(Captioned web image data)
/---

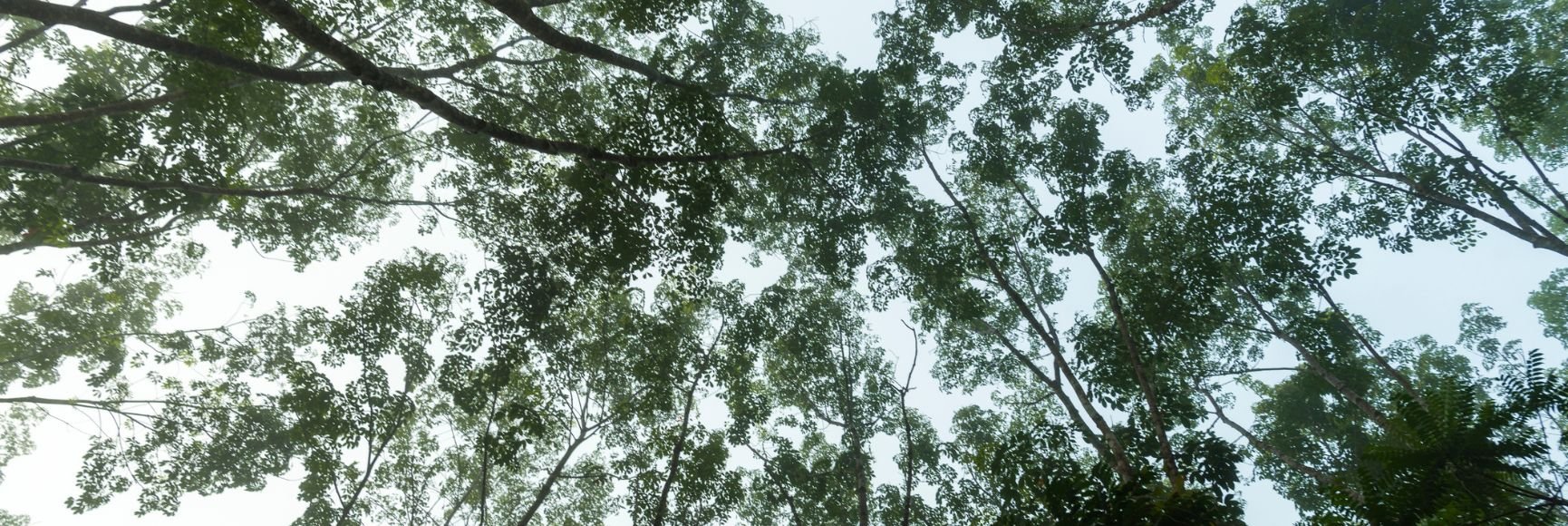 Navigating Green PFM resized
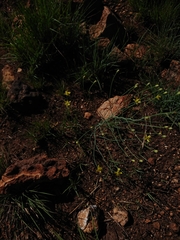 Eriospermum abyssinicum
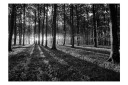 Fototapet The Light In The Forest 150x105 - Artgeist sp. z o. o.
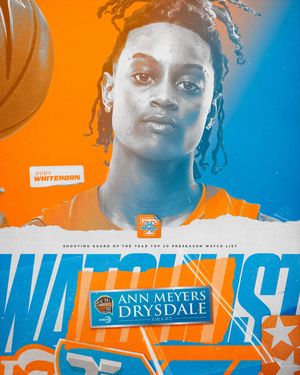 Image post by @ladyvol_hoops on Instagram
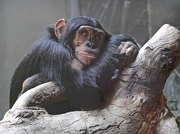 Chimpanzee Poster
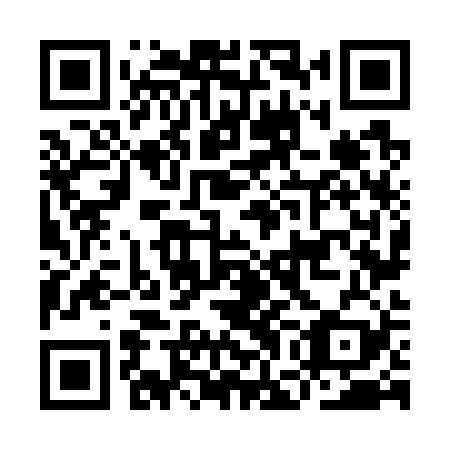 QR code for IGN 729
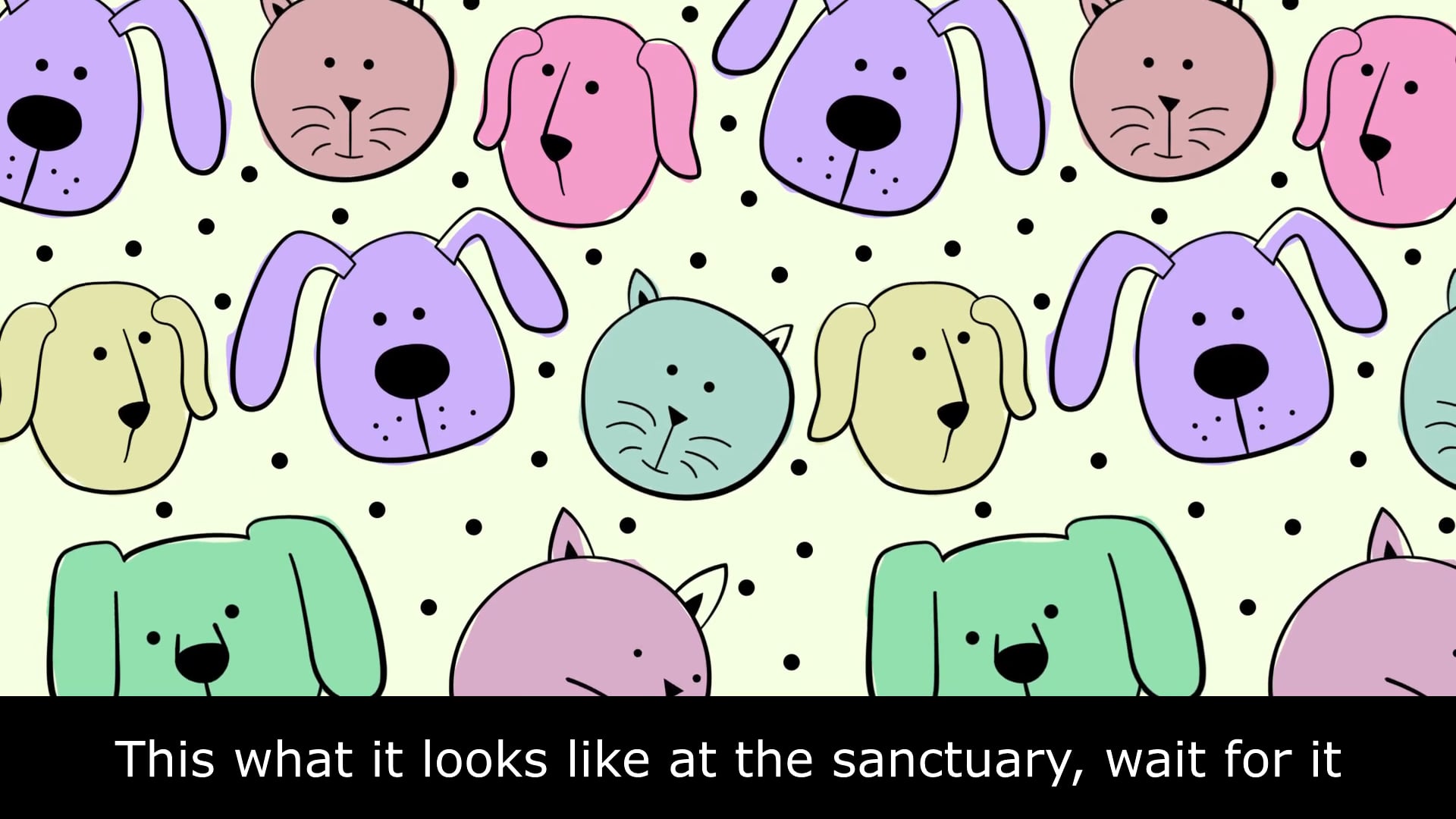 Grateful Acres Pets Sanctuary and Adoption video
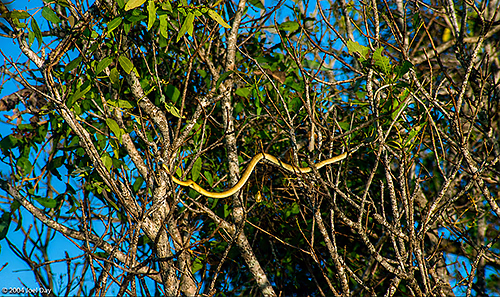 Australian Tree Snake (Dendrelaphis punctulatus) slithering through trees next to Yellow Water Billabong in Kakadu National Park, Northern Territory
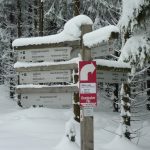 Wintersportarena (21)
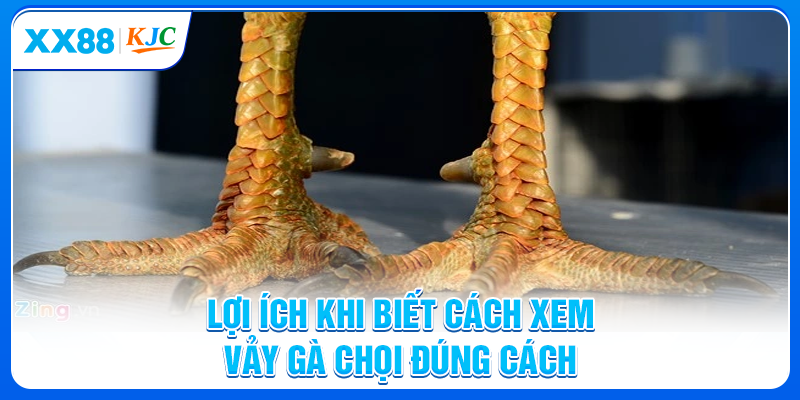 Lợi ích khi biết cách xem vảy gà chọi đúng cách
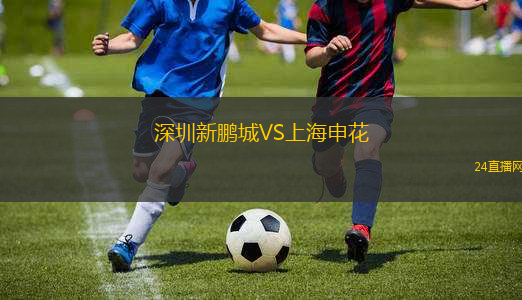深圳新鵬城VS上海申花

\---

Exercise brief >> Return the data exactly. Pictures stay out.

Completed exercise >>
 Navigating Green PFM resized
 Eriospermum abyssinicum
 Fototapet The Light In The Forest 150x105 - Artgeist sp. z o. o.
 Image post by @ladyvol_hoops on Instagram
 Chimpanzee Poster
 QR code for IGN 729
 Grateful Acres Pets Sanctuary and Adoption video
 Australian Tree Snake (Dendrelaphis punctulatus) slithering through trees next to Yellow Water Billabong in Kakadu National Park, Northern Territory
 Wintersportarena (21)
 Lợi ích khi biết cách xem vảy gà chọi đúng cách
深圳新鵬城VS上海申花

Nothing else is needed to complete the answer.